I think the Ian Fleming copyright holders should get William Boyd to pen another James Bond novel since Solo is a far more satisfactory Bond novel than both Devil May Care and Carte Blanche. I think what William Boyd's done here is to completely engross himself in the larger than life world Ian Fleming created in a way that the writers of the previous two Bond novels didn't. He doesn't go for realism, understanding that Bond can never be realistic and instead treats Bond as a superhero in a tux.

Boyd's Bond is very much Fleming's Bond - a carnal, chain smoking, action man. This is a Bond who can't talk to a woman without his eyes falling to the small nippled breasts or the bra-busting bouncers. In an early segment of the book Bond breaks into a woman's house and watches her undress. It's all good unclean fun and by the time the story starts proper I was completely sucked into the world of Bond in a way I have not been for a great many Bond novels. It helps, of course, that Boyd sets his novel in 1969 when Bond is 45 and ageing quite disgracefully. We don't need Bond updated for our overly sensitive times, nor do we want him to treat women as equals. The man Fleming created was a chauvinistic bastard and so too is the Bond that Boyd successfully recreates.

Bond admired the small-nippled breasts of the girl on the next table, clearly visible through the transparent gauze of her blouse. There was something to be said for modern fashions after all.

The plot concerns the fictional African country of Zanzarim which is in the midst of a terrible civil war and Bond is sent over with the task of bringing the war to an end. It is here that the book does tend to get a bit bogged down as Bond posing as a journalist, but after a terrific jungle scene things start to pick up again and there is a massive shock around the mid-way point. The latter section of the novel is set in America where Bond goes rogue, or solo as the book would have it, in order to exact vengeance for his near death at the hands of a double crossing bitch. There are more twists to come and Felix Leiter pops up towards the end of the book and helps Bond put everything in order.

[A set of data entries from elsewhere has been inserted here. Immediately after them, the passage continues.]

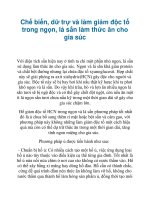 Chế biến, dữ trự và làm giảm độc tố trong ngọn, lá sắn làm thức ăn cho gia súc pdf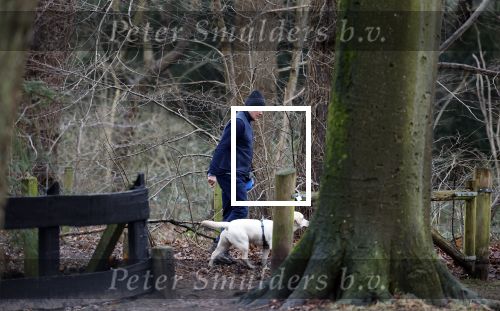 Huizen 13 januari 2024
Linda de Mol en Jeroen Rietbergen samen wandelend met hun 2 honden / labradors.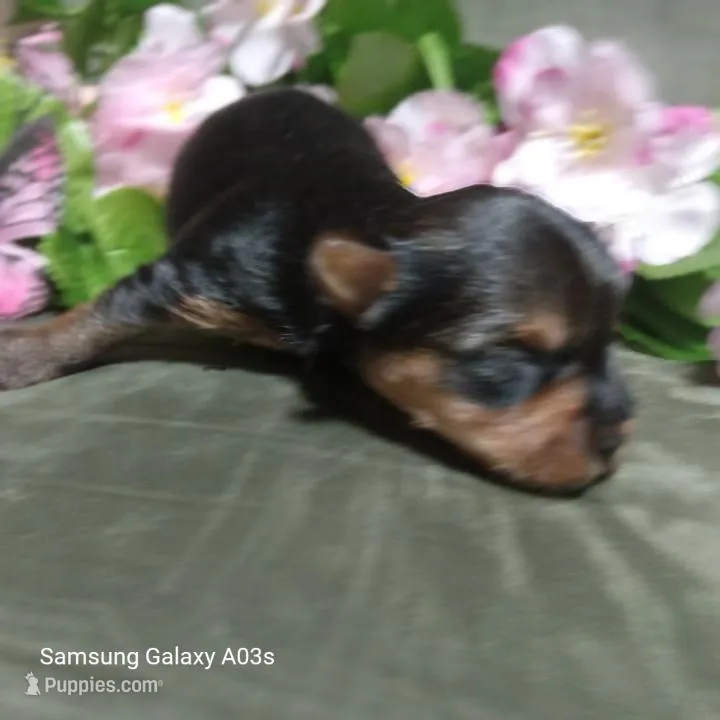 Emily – Yorkshire Terrier puppy for sale in Williston, FL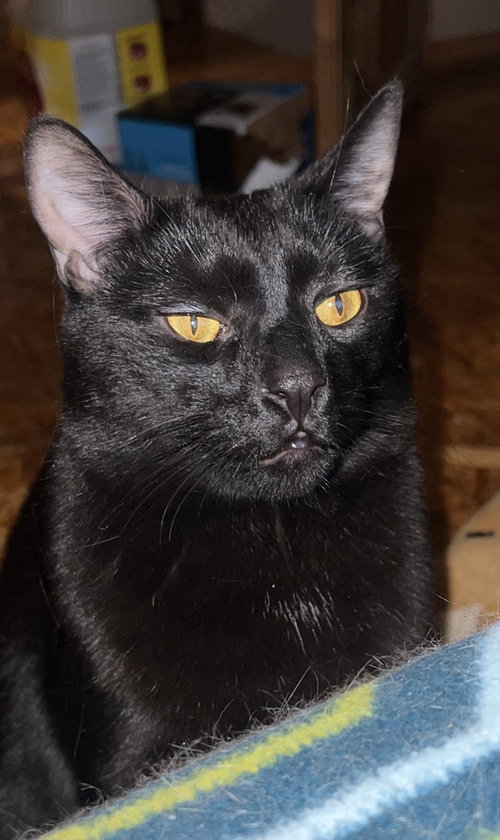 Maurice, Adult Domestic Short Hair, cat for adoption in Rocky Mount, North Carolina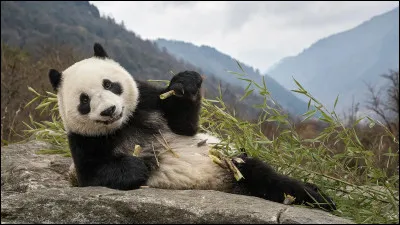 Beauval, tr&egrave;s peu pour moi. Je rends visite aux pandas g&eacute;ants directement dans leur habitat naturel. O&ugrave; suis-je ?
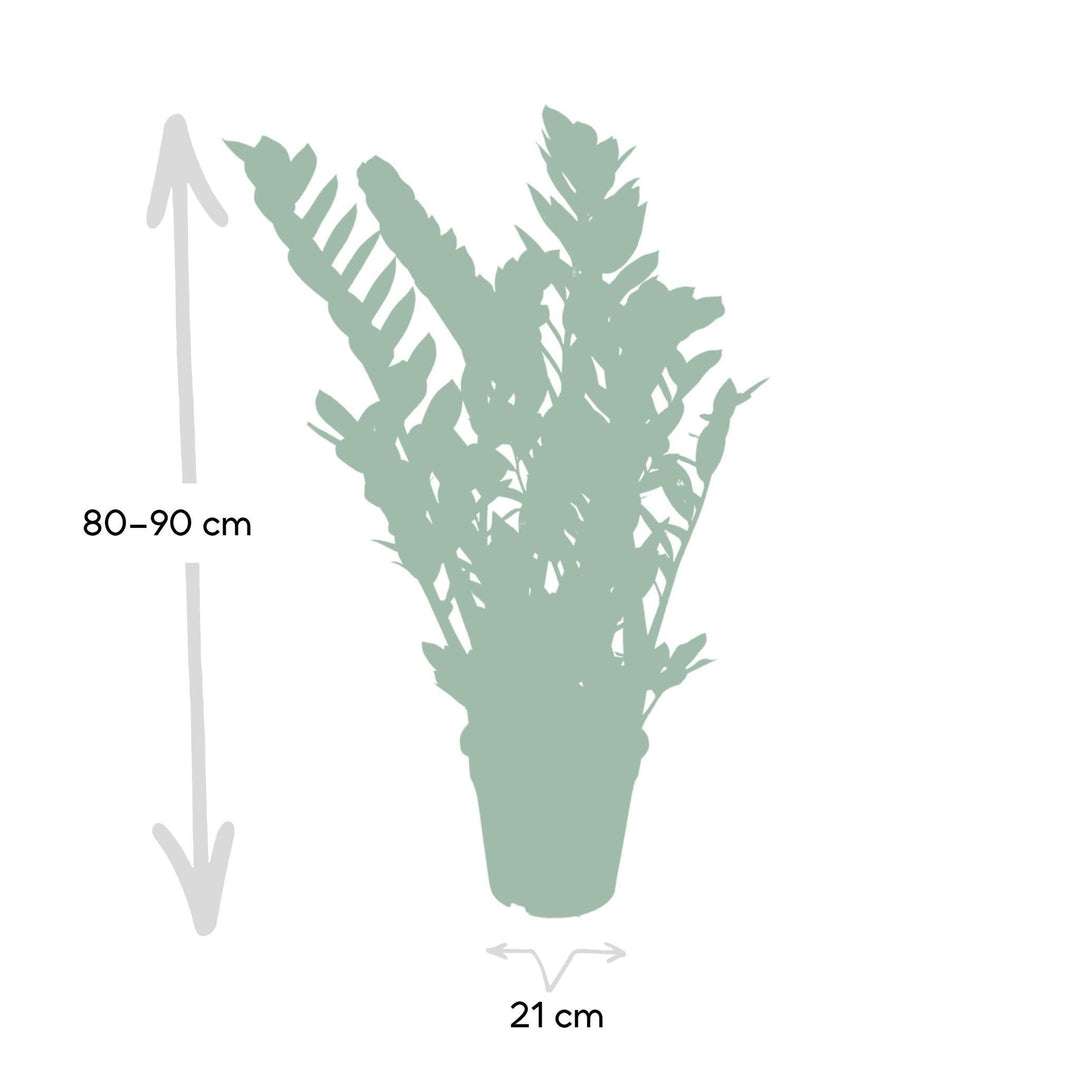 Zamioculcas Zamiifolia - Smaragdpalme - 80cm - Ø21-Plant-Botanicly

There were several nice touches in the book - Bond bumping into an old school friend  and then naming many of his classmates for one and also the recipe for James Bond's salad dressing is painfully detailed. These may seem like minor points but they do add colour to the book, and make Bond seem real in a way that he hasn't for a great many years.

Overall then Solo is a success and the Bond here owes much more to the literary character than the cinematic one. This guy is nasty and even makes Daniel Craig looks like a pussy, and thankfully he does it all with so much style.